Leah Meyer Austin AwardWhen Dr. Ken Ender took the reins at Harper, he found faculty and staff who were hungry for a college-wide strategy that emphasized student success. Too many students weren’t completing enough of the certificates and degrees they had come to college to earn, and people wanted to change that.

Achieving the Dream, a national reform network dedicated to helping community college students succeed and finish what they start, recognized the strides Harper has made since uniting around that common agenda.

The organization honored the college with the 2016 Leah Meyer Austin Award, which each year recognizes one Achieving the Dream institution that demonstrates outstanding achievement in creating policies, practices and a culture of equity and excellence in support of student success.
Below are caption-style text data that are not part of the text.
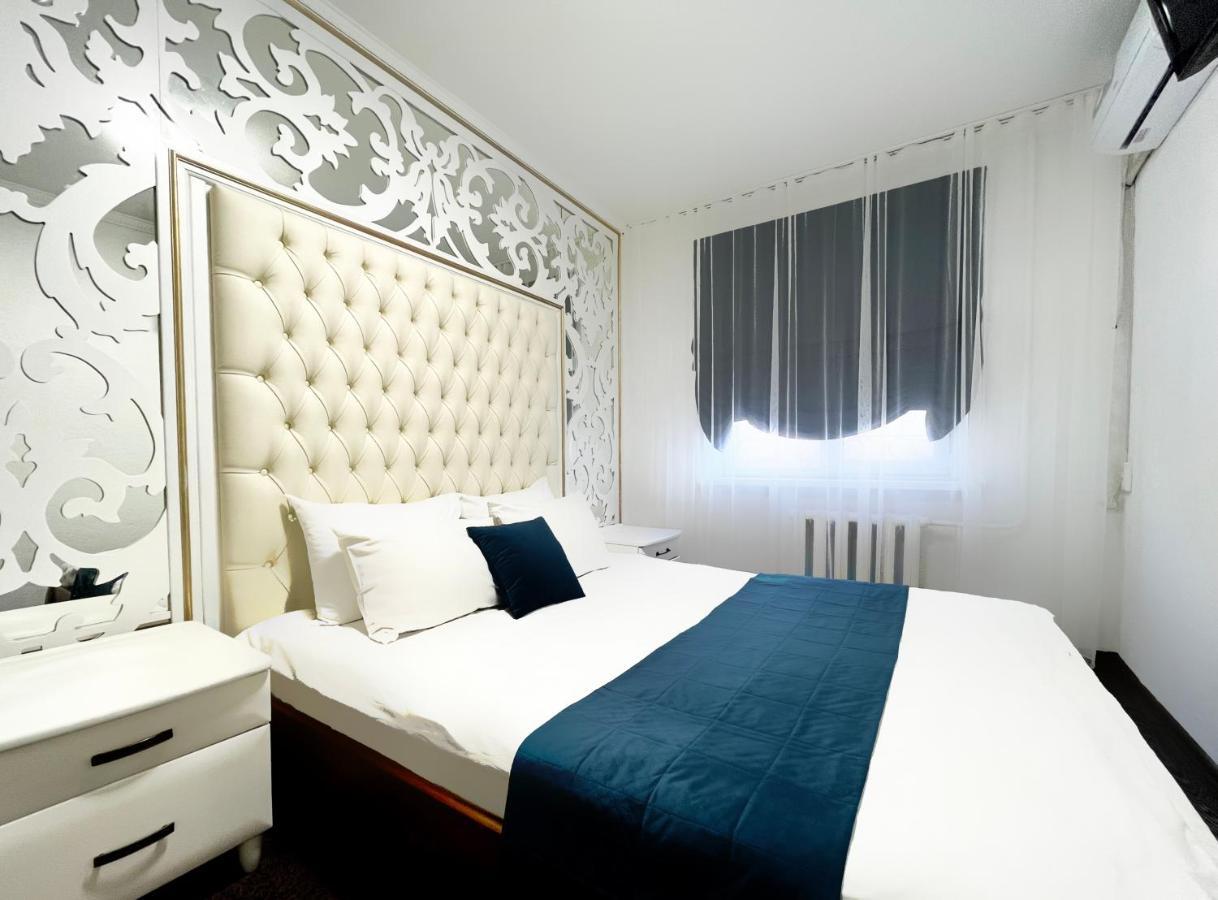 Enrico Hotel Днепър Екстериор снимка
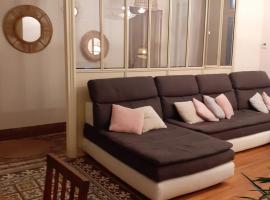 Maison cocooning Année 30, Hotel in Riorges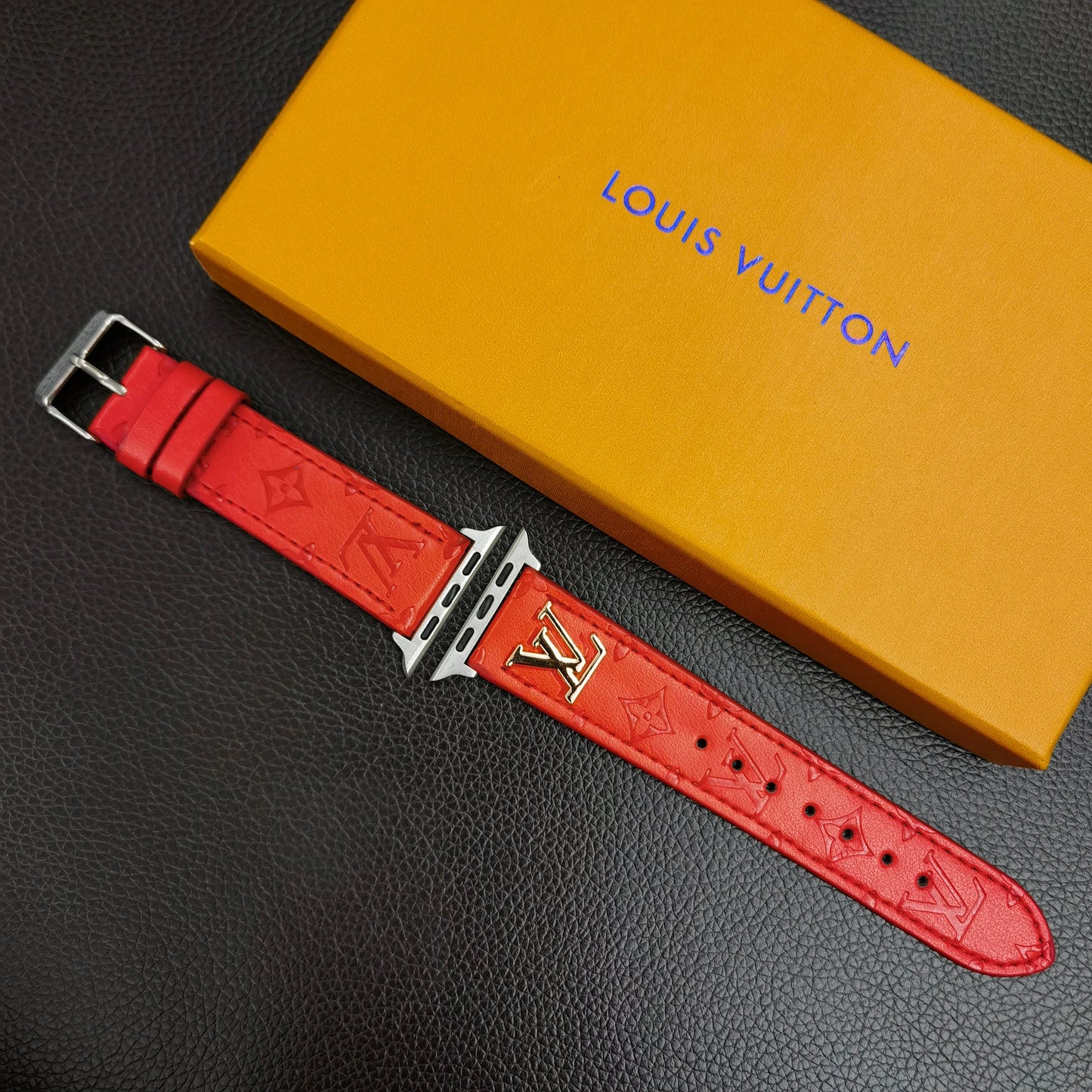 BAND METAL LOGO 3D EMBOSSED MONOGRAM LEATHER APPLE WATCH Roxy New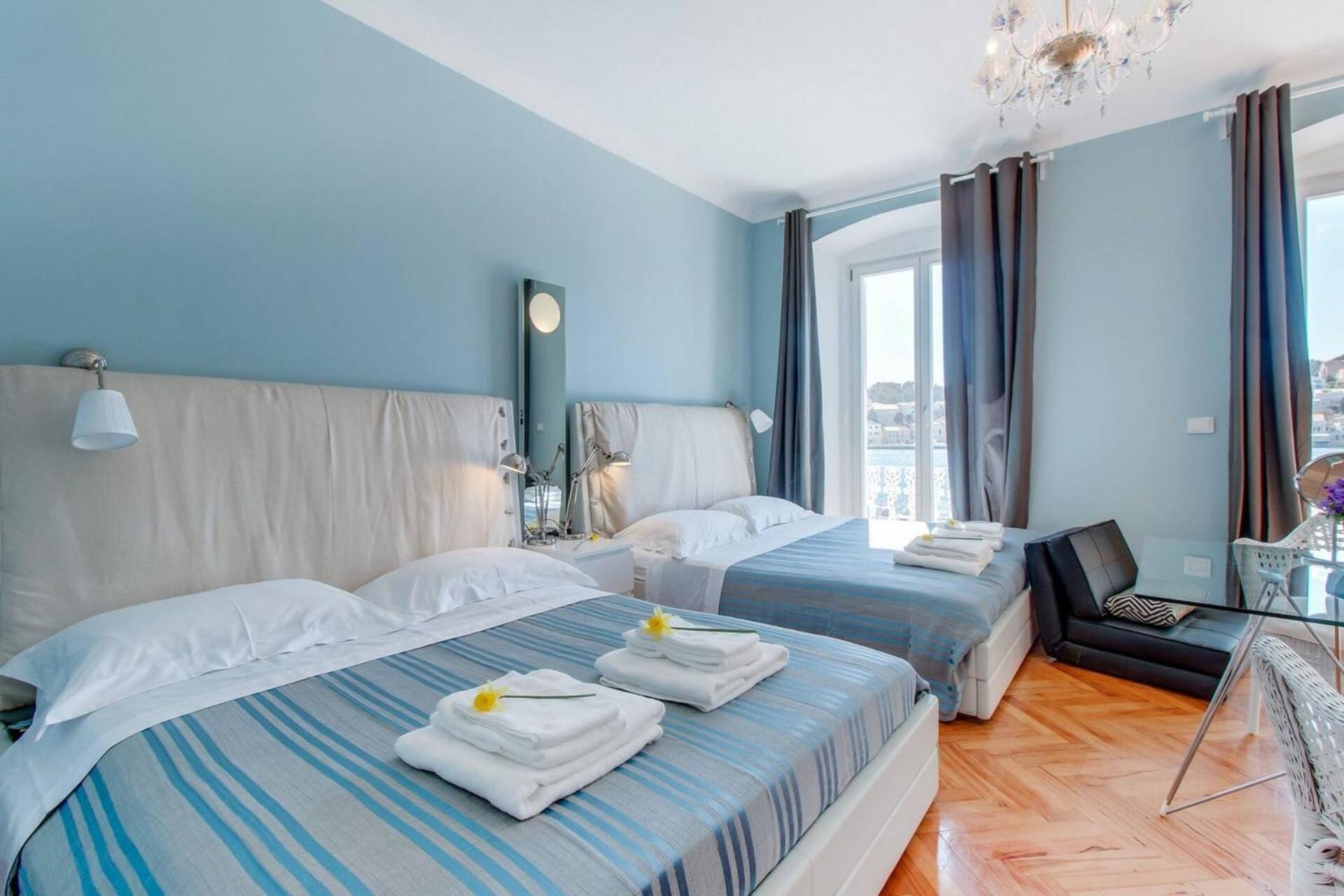 Vindobona Hotel Mali Lošinj Екстериор снимка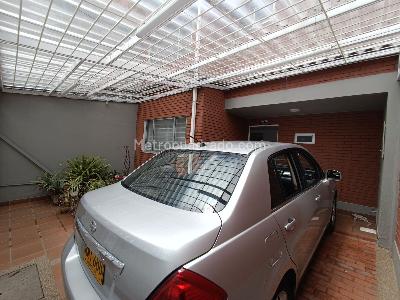 Casa de 3 alcobas en venta en Villa Ines, Bogotá, 143 m² · foto 2 de 18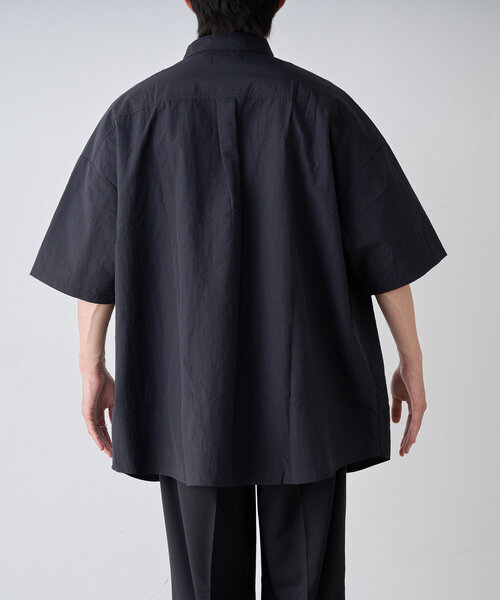 SEADAM（シーダム）の「【SEADAM】〈UNISEX〉ビッグポケットルーズシャツ（シャツ/ブラウス・メンズ・サックスブルー/ブラック/ネイビー・LARGE/MEDIUM）」の8枚目の写真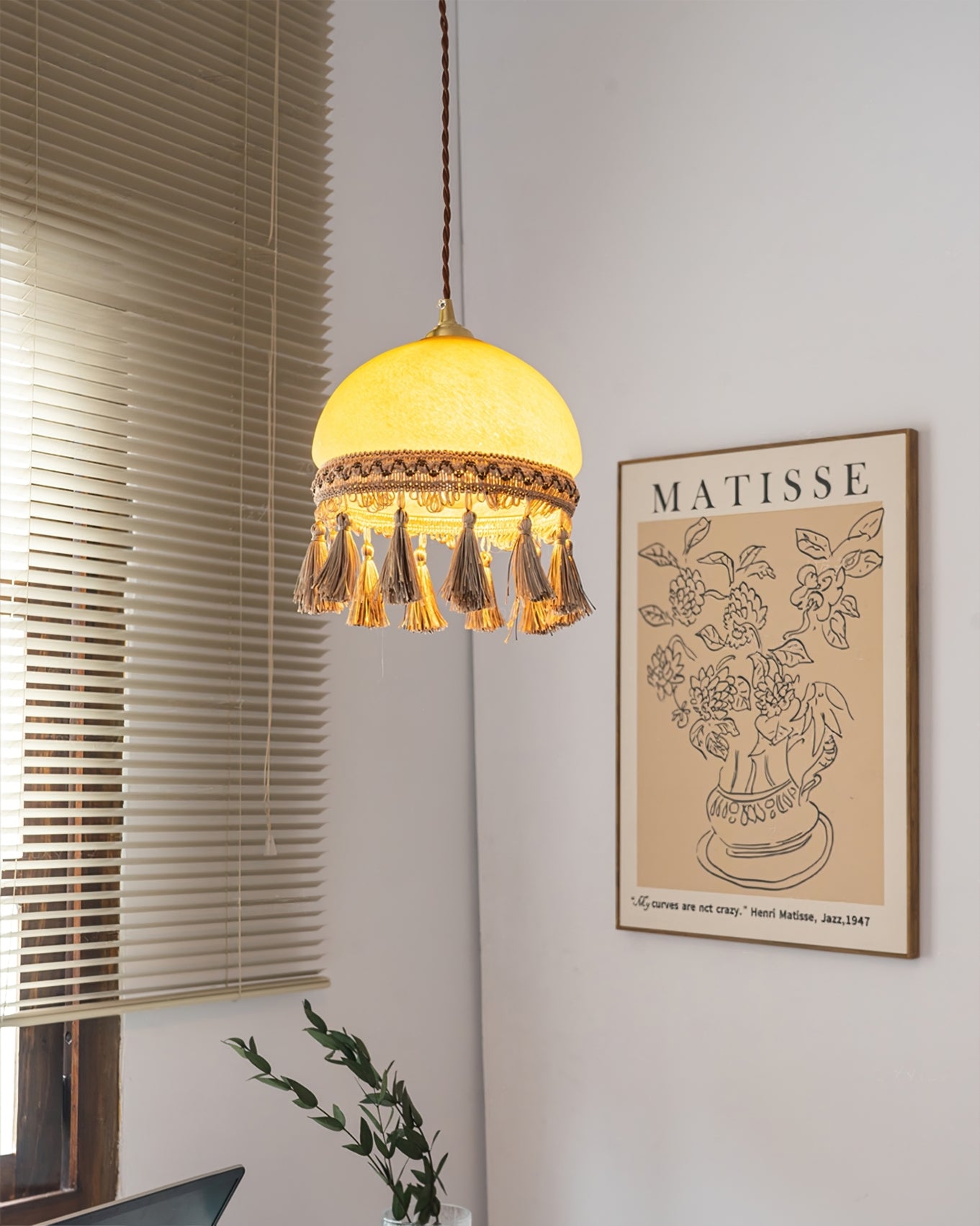 French Tassels Brass Pendant Light - Lumpaz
“Harper College’s willingness to make sweeping changes in its operations and culture have led to substantial improvements in student success,” said Achieving the Dream President and CEO Dr. Karen A. Stout. “Harper’s achievements show what is possible at community colleges all across the country.”

The award comes with a $25,000 prize to support Harper’s ongoing student success efforts.

Achieving the Dream pointed to several student success-driven initiatives as contributing to the Leah Meyer Austin Award, saying Dr. Ender, administrators, faculty and staff committed to creating a culture of cooperation and transparency, which dovetailed with operational changes that affected operations, resource allocation and related policies.

Harper’s focus on transforming its culture and operations led to the following results during the period 2010 to 2014:

  • Increased graduation rate from 14 percent to 24 percent, according to the Integrated Postsecondary Data System (IPEDS)
  • Improved African-American students' fall to spring persistence from 69 percent to 78 percent
  • Increased African-American students’ college-readiness in math rate from 15 percent to 58 percent
  • Raised Hispanic students’ college-readiness in math rate from 36 percent to 62 percent
  • Improved African-American students’ completion rate for developmental math from 10 percent to 21 percent

Dr. Ender said the strides Harper has made is strong start, but just that – a start.

“We are incredibly pleased and absolutely not satisfied,” he told the crowd gathered at Achieving the Dream’s annual meeting, which brings together nearly 2,000 influential policy-makers, investors, thought-leaders and practitioners from around the world.

The Leah Meyer Austin Award was established in 2008 to recognize Achieving the Dream colleges that design and implement college-wide approaches that promote student success and result in significant, sustainable institutional improvement. Successful colleges put in place policies, processes, and programs that reinforce and build on each other to improve student achievement and meet equity goals.